At a New York Comic Con event in Times Square Thursday night, 20th Century Fox debuted the first teaser for War For The Planet Of The Apes. The trailer shows Andy Serkis’ Caesar—the talking chimp who has become the heart of these movies—going head to head with a nasty colonel played by Woody Harrelson. By the end, Harrelson’s voiceover takes over: “This is our last stand” he warns, cautioning that should the humans fail Earth will become a “planet of apes.”

That spot-on bit of dialogue, however, doesn’t mean the third installment in the rebooted franchise leads the audience to a time when apes reign, as they did in the original Charlton Heston film. “Even at the end of this film it’s still not the world of the Heston film. So there’s still this huge question, well how does it become that?” director Matt Reeves explained in an interview with The A.V. Club the following day. “So we see there being a big epic journey that takes you there and all of the detail to explore human nature and all of the events that created that world in the ’68 movie without trying to redo the world in the ’68 movie.” (The new movies, it should be noted, are not intended as prequels.)

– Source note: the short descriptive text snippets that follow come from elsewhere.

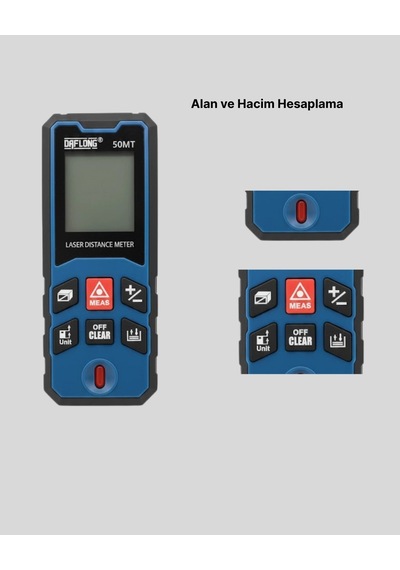 50 Metre Lazer Mesafe Ölçer Profesyonel Dijital Ölçüm Cihazı 0-10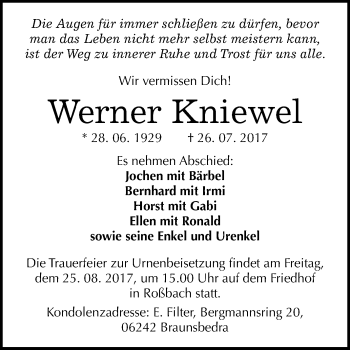 Traueranzeige von Werner Kniewel von WVG - Wochenspiegel Merseburg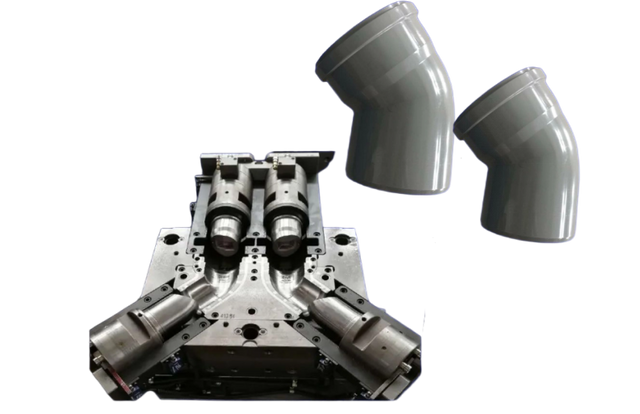 MOLDE PARA MONTAJE DE TUBERÍAS DE CODO PLEGABLE DE PVC DE 45°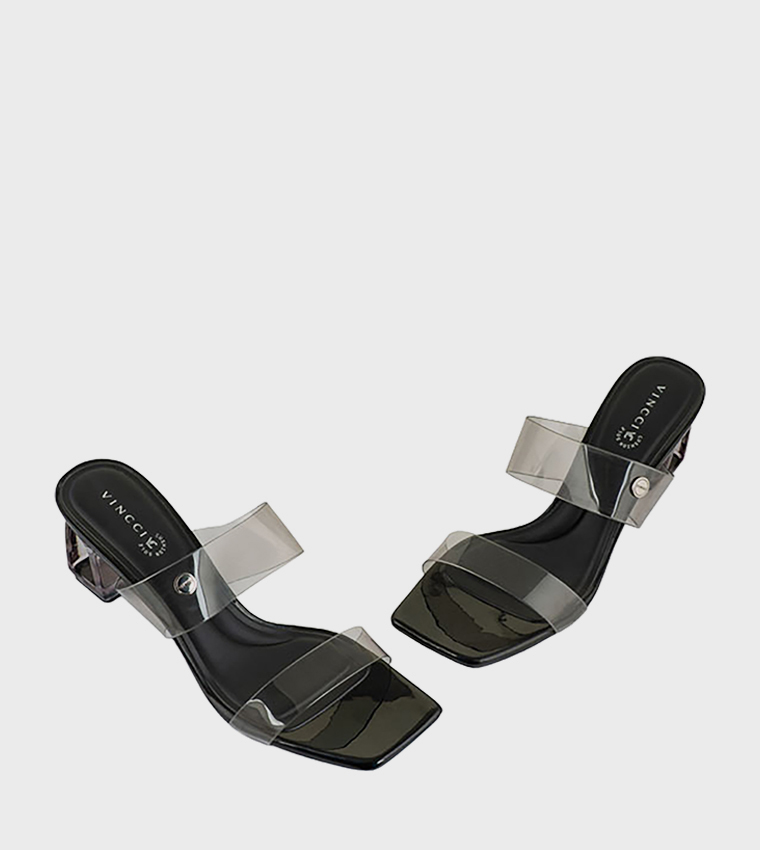 Clear Strap Square Toe Heeled Sandals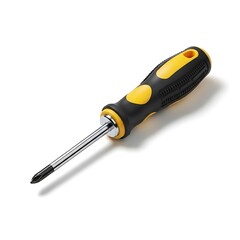 A black and yellow screwdriver with a flat head resting on a white background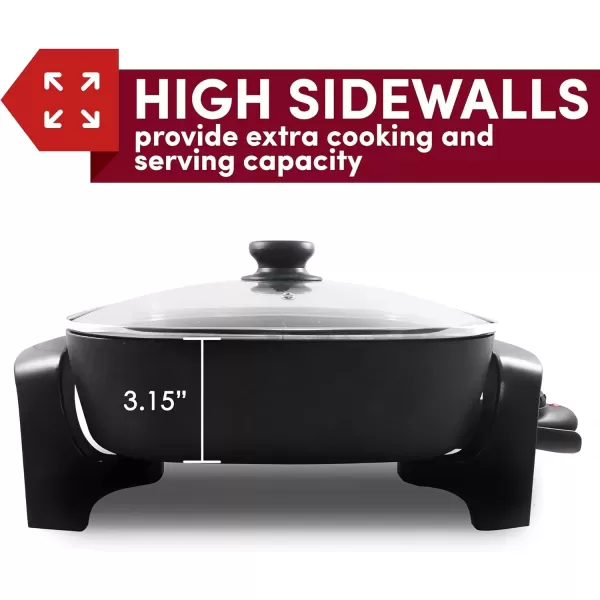 imageElite Gourmet EG6201 Extra Deep 12quotx12quotx32quot 75Qt Scratch Resistant Dishwasher Safe Nonstick Electric Skillet with Glass Vented Lid Adjustable Temperature Black75 Quart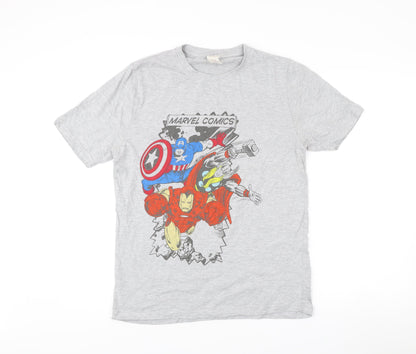 Marvel Men’s Grey Medium Short Sleeve Comics Graphic T-Shirt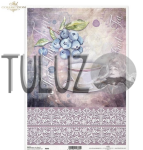 ITD Collection papier ryżowy filiżanka, jagody A4 kod.prod.R0896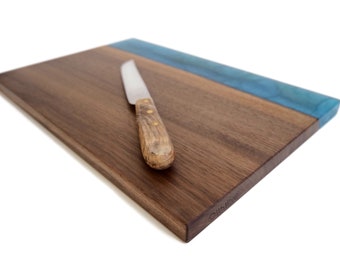 Solid Wood & Epoxy Resin Serving Board: Rectangular Charcuterie Tray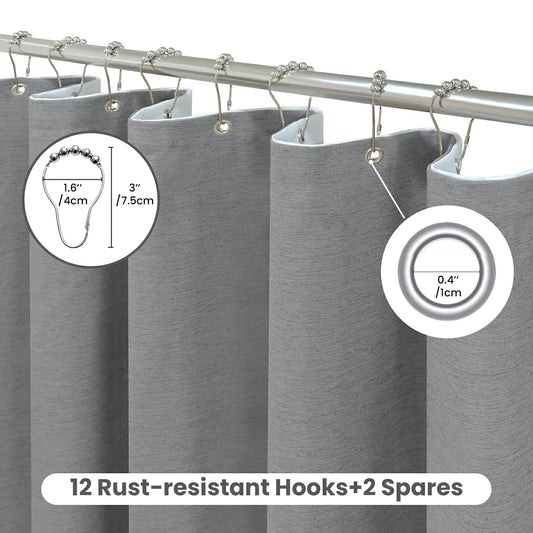 Faux Linen Wrinkleless Shower Curtain Set with Liner (Gray)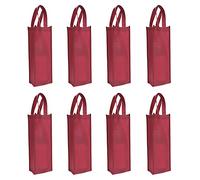 Cosmos Lot de 4 Sacs fourre-Tout en Non-tissé pour 2 Bouteilles de vin réutilisables, 1 Bouteille Rouge foncé x 8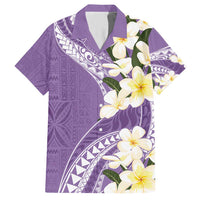 Aloha Hawaii Festive Family Matching Short Sleeve Bodycon Dress and Hawaiian Shirt Frangipani Lace Classic - Lavender LT7 Dad's Shirt - Short Sleeve Lavender - Polynesian Pride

During Thursday’s panel, Reeves explained that War takes place two years after the events of Dawn Of The Planet Of The Apes, in which Caesar killed his anti-human compatriot Koba (Toby Kebbell). Caesar’s now a battle-hardened version of the hero—with shades of “badass Clint Eastwood,” as Reeves described him at the panel—and he’s starting to share some of Koba’s beliefs about his foes. In an unfinished scene shown to the Comic Con audience, Caesar and his cohort come across an abandoned girl, unable to speak. While the orangutan Maurice (Karin Konoval) wants to bring her with them, Caesar is reluctant. Maurice ends up winning, and the child, played by Amiah Miller, ends up being a “major part of the film,” Reeves told us. (The footage shown was unfinished, giving attendees a window in the mo-cap process—from Serkis in dots on a horse to a crude animation to a more recognizable ape.)

But there are also more threatening homo sapiens, namely Harrelson’s colonel. “We didn’t want to create an antagonist who was a sort of ruthless villain with no reason,” Reeves explained during our chat. “The truth is that Woody’s character is created by his circumstances.” Thus, he and Caesar find common ground as well. On Thursday, Serkis teased that the two are “inexorably drawn to each other, trying to understand each other’s philosophies.” Producer Dylan Clark referenced The Bridge On The River Kwai, when describing their relationship. It’s not really about the humans, though. “I came in on Dawn and said, ‘Guys, you have earned the right to make it a Caesar point of view movie, and we really pushed it in dawn, and it’s even stronger in this one,’” Reeves said.

War For The Planet Of The Apes is due out July 14, 2017.